‘There is no crisis’

news: ‘There is no crisis’

Minister of Public Works, Transport and Communications speaker at ACL meeting.

ANTÓNIO Mexia, Minister of Public Works, Transport and Communications, was the guest speaker at a lunch meeting of the American Club of Lisbon (ACL), held recently at the Sheraton Hotel in Lisbon. With an audience of more than 130 ACL members, the minister announced the two new proposed bridges to cross the River Tejo – a vehicle crossing from Algés to Trafaria and a rail crossing from Chelas to Barreiro.

Economic crisis

Mexia’s speech, entitled ‘Productivity: Reform of the State and Civil Society’, was hard hitting and to the point. Talking about Portugal’s economic situation, he said that, in his opinion, there is no crisis, as “a crisis is something you cannot control, which isn’t Portugal’s case.” He continued: “Most of the things that need to be done are within our power to control or change.” He said that the key word is ‘reform’. “Portugal has to have the courage to carry out the reforms that have been postponed for far too long.”

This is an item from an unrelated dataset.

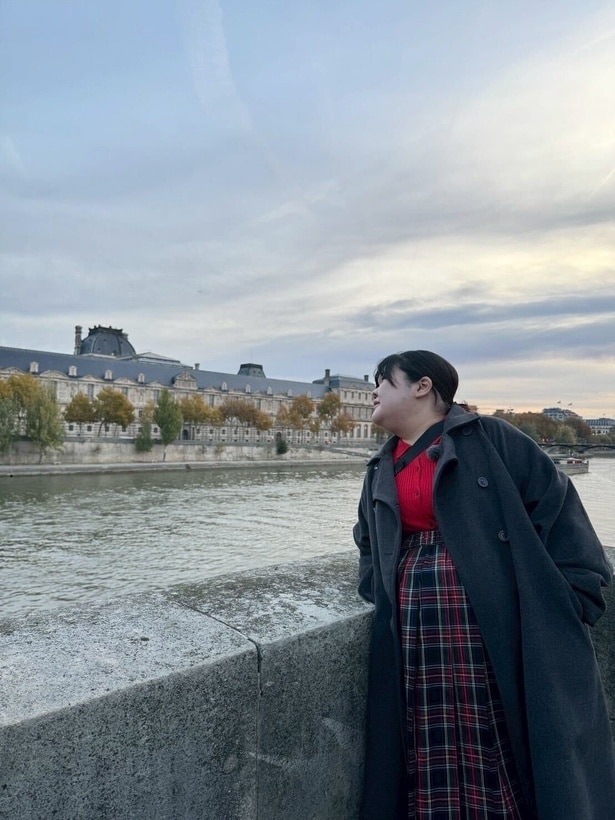 【写真】 恐ろしいくらい服を買い「今バイト時代よりもお金ないです」と震えるあんり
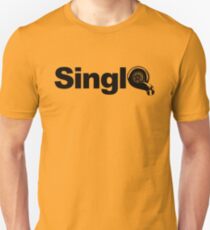 Turbo Single Unisex T-Shirt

Portuguese feel threatened by competition

Productivity was next on his agenda. It is a known fact that Portugal’s productivity is low, at a rate of 64 per cent against, for example, Greece’s 83 per cent and Spain’s 95 per cent. “These numbers should make us get up and think. While talking about productivity, we have to talk about two very important things – competition and networking,” he continued. “Portugal doesn’t like competition – people feel threatened by it. Portugal is not good at networking, we have to get out of our comfort zone and reach out to compete.”

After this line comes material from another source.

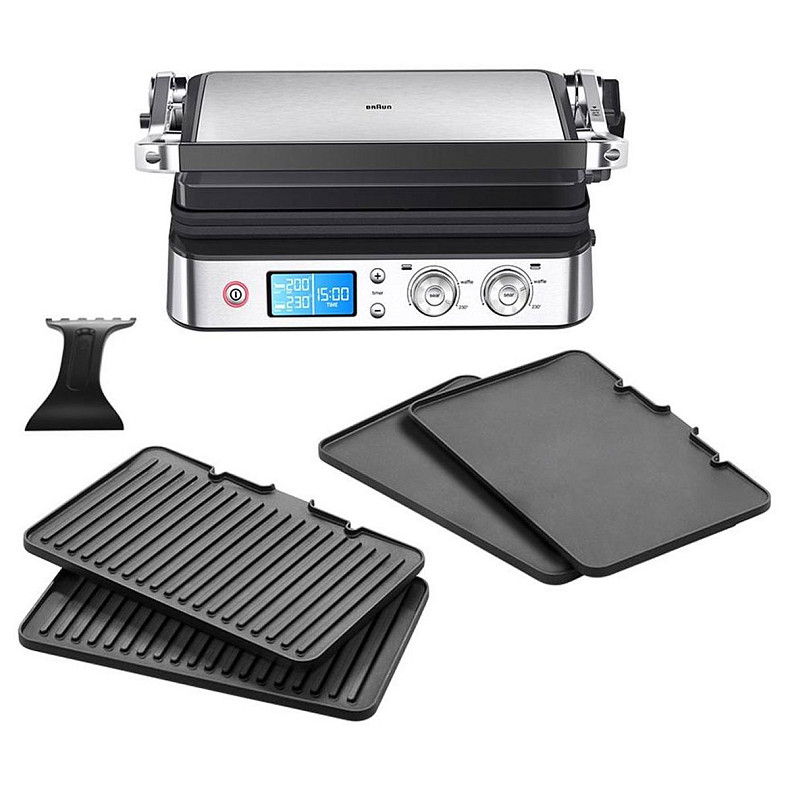 Электрогриль BRAUN CG 9043 (0X17900004)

The Public Administration represents 15 per cent of the Gross National Product (GNP), when the European average is, and has been for a long time, around 11 per cent. “People should become aware of prices. For instance, when you buy a Metro ticket, you should know how much you are paying for it and how much it actually costs to have that public transport in operation.”

‘Taxes have to be paid’

“According to Portuguese mentality, the government is ‘someone’ who is there to pay the bills and to give us no responsibility. All rights no obligations,” saidMexia. “Nowadays, people don’t seem to be able to think beyond their immediate future and that explains some of the country’s social behaviours, like not paying taxes. People fail to see that future generations, their children, will suffer from our behaviour today. Until recently, if someone said that they paid their taxes, everybody else would think that they were stupid. We all need to start taking responsibility for our own actions and be conscious that everything has a price and that taxes have to be paid,” he stressed.

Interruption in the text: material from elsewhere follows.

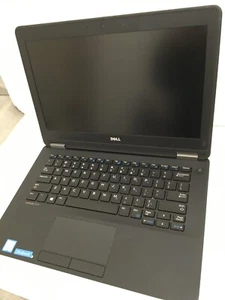 Portátil DELL Latitude E7270 (06DB) 12,5 pulgadas usado para piezas/reparación - Imagen 1 de 5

Europe: ‘realisation has hit home’

The Minister continued: “Europe has, for a long time, mistakenly thought that their welfare system is much fairer than the one of the US. Luckily, in the last couple of years, the realisation has hit home that maybe the European system doesn’t work that well. But if we take a closer look at the tax systems of both Europe and the US, we realise that indirect taxes are much higher in Europe than in the US. Europe is not as fair, while basing their system so much on indirect taxes, because those who earn less consume more.”

‘We need elite people’

“If Portugal’s major money makers are pleased with the situation in the country, they will reinvest their money here and, therefore, generate more wealth. We need elite people who are motivated and have the ability to help Portugal make the changes.”